* _Work to be completed_
The line holding "Soft Blurred Y2K" is the last one to output; start at the first line of the data, keep every line in between exactly, and leave out pictures.

* _Entries provided_

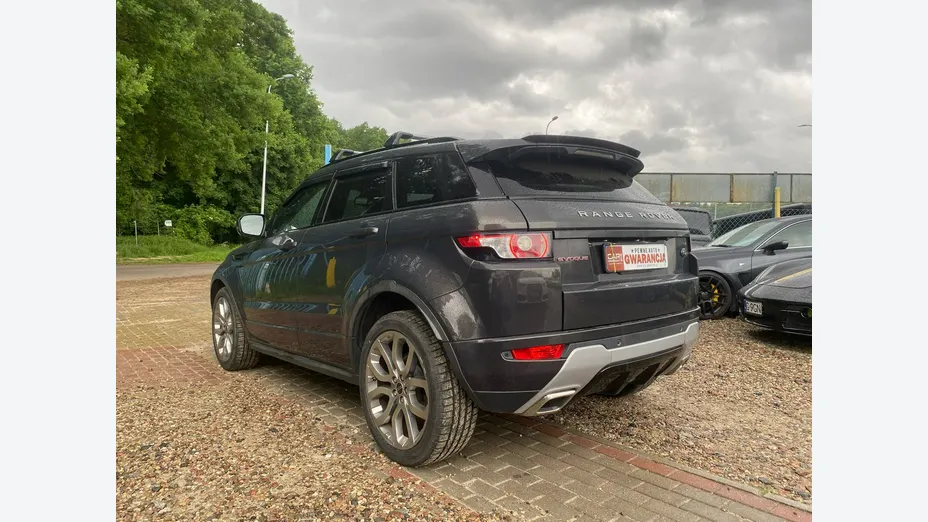 LAND ROVER Range Rover Evoque -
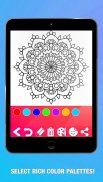 Mandala Designs - Coloring Boo screenshot 7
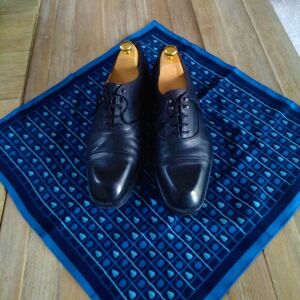 Δερμάτινα ανδρικά παπούτσια Oxford της Louis Nicol no 44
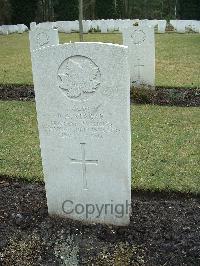 Brookwood Military Cemetery - Starke, Robert Andrew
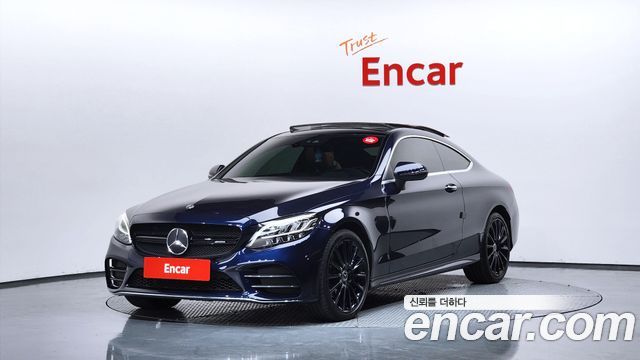Mercedes-Benz C-Class C220 d 4MATIC Coupe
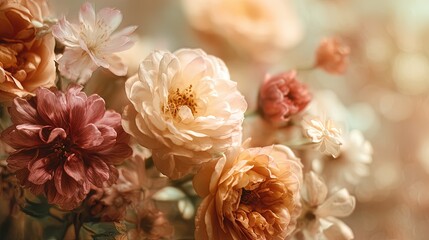 Soft Blurred Y2K Florals, A Modern Vintage Revival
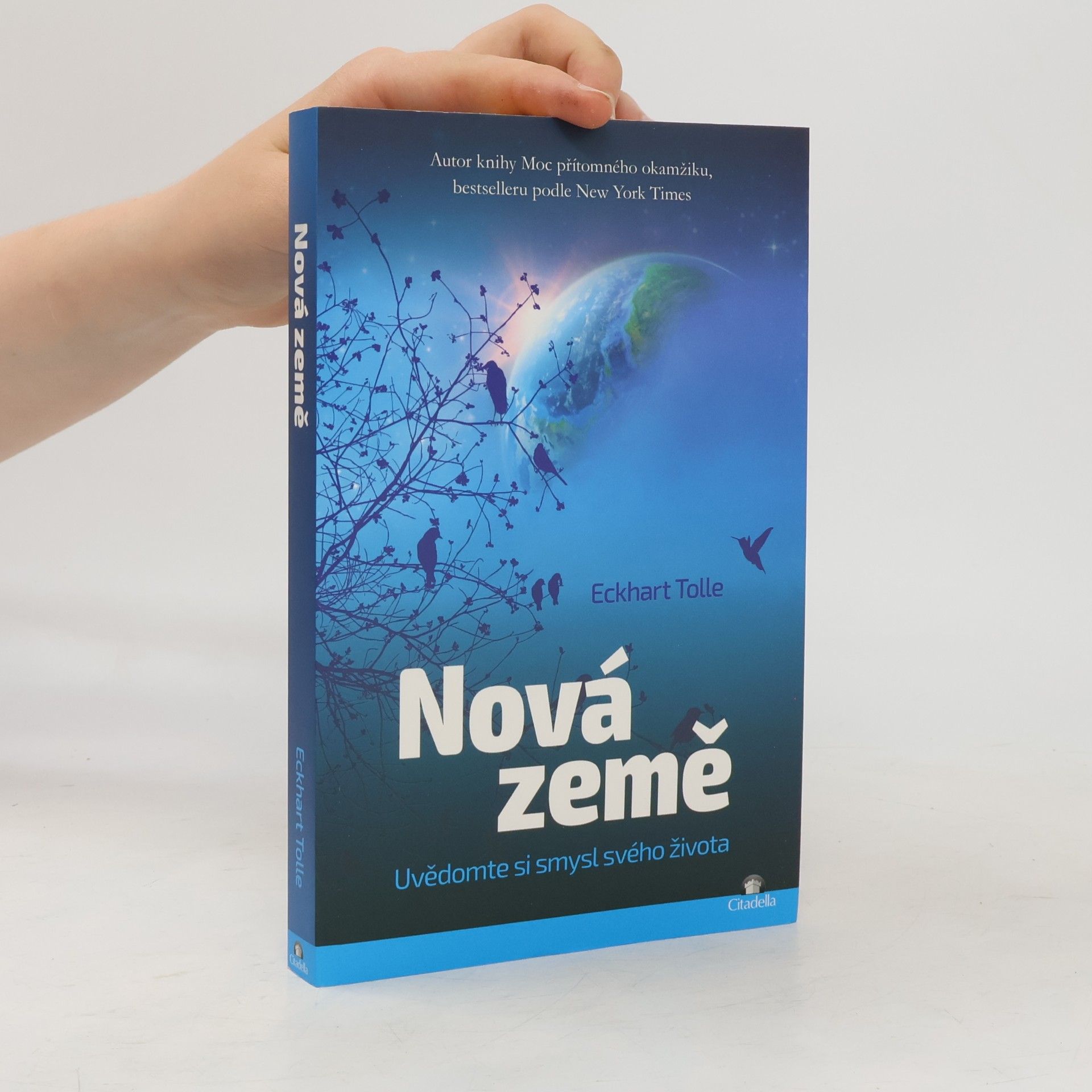 Eckhart Tolle Nová země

* _Task response_
 LAND ROVER Range Rover Evoque -
 Mandala Designs - Coloring Boo screenshot 7
 Δερμάτινα ανδρικά παπούτσια Oxford της Louis Nicol no 44
 Brookwood Military Cemetery - Starke, Robert Andrew
Mercedes-Benz C-Class C220 d 4MATIC Coupe
 Soft Blurred Y2K Florals, A Modern Vintage Revival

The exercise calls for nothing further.